Hampton asked committee co-chairs Sen. Julie Kushner (D-Danbury) and Rep. Robyn Porter (D-New Haven) and ranking members Sen. Craig Miner (R-Litchfield) and Rep. Joe Poletta (R-Watertown) to take up legislation.
“While I appreciate the merits and goals of the program, I believe these changes would help to make paid FMLA more workable, especially for small businesses,” he wrote.
“The proposed changes should include making it optional for companies with 30 or less employees, reinstate the time of service requirement to qualify for benefits, cap repeated usage of the program at 35 weeks over five years, and require intermittent leave be taken in full day increments.”
The General Assembly passed far-reaching paid FMLA legislation last year, creating the richest benefits of any leave program in the country.

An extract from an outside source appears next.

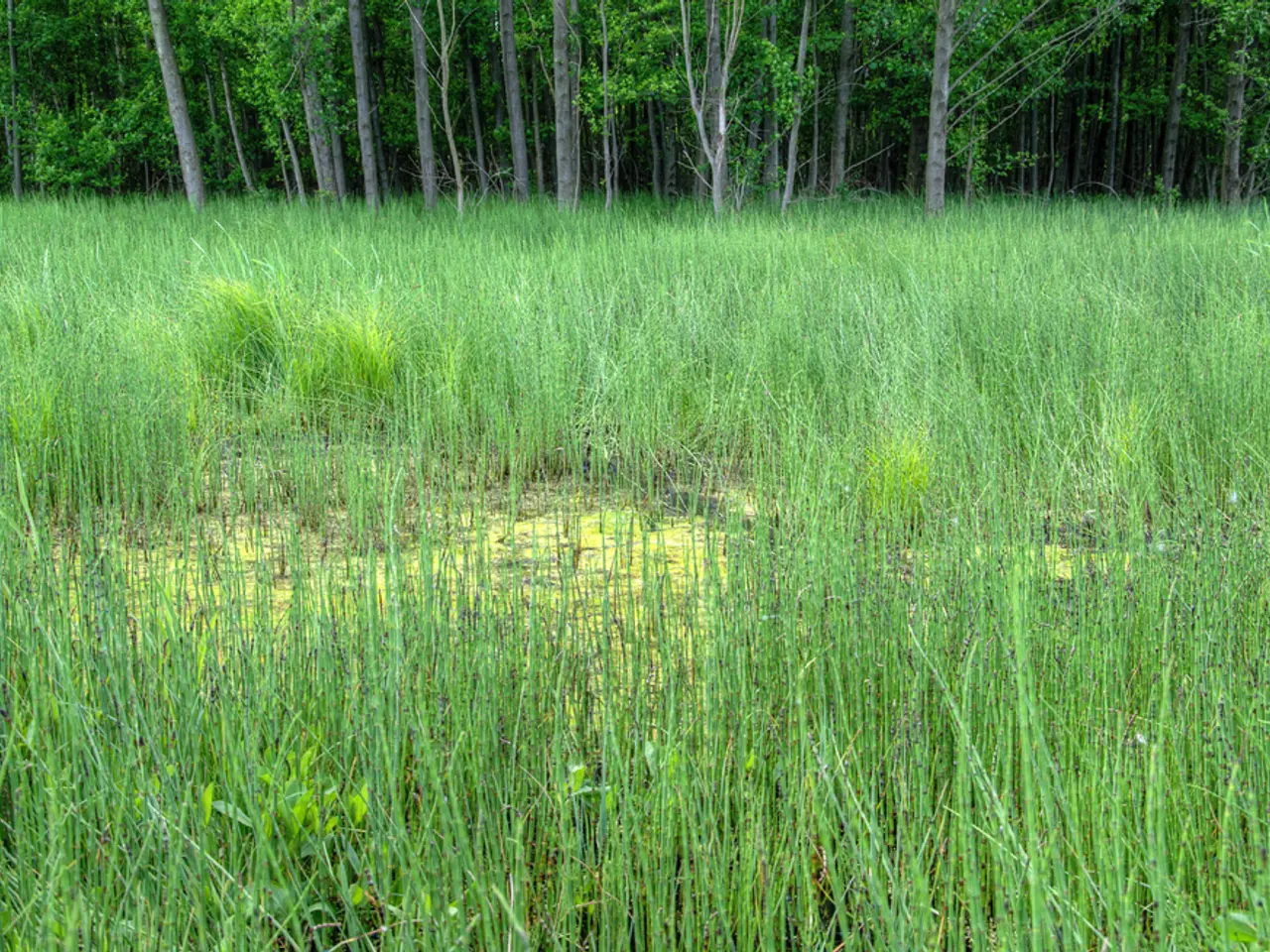 Farmers in Anapa could potentially receive compensation to cover certain expenses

The mandate applies to all private sector businesses with as few as one employee.
From Jan. 1, 2021, the wages of all employees in the state—excluding unionized state or municipal workers—will be taxed to fund the program.
After Jan. 1, 2022, workers will be eligible to take 12 to 16 weeks of paid leave to care for their own or extended family members’ illnesses or injuries.
Small Business ‘Relief’
CBIA’s Eric Gjede welcomed Hampton’s letter, saying it reflected the broader sentiment of the state’s small business community over the mandate.
“The 2019 legislative session was a tough one for small businesses as these one-size-fits-all mandates like paid FMLA make it extremely difficult for them to compete,” Gjede said.
“Small businesses are operating in an increasingly difficult environment and they really need the legislature to provide some relief.
“We urge Sen. Kushner and Rep. Porter to listen to these concerns and raise a bill before the committee that addresses these issues through common sense reforms.”
Hampton made his request to committee leadership as individual lawmakers can only introduce budget-related bills during even-numbered session years.
The deadline for the Labor Committee to raise bills is February 20.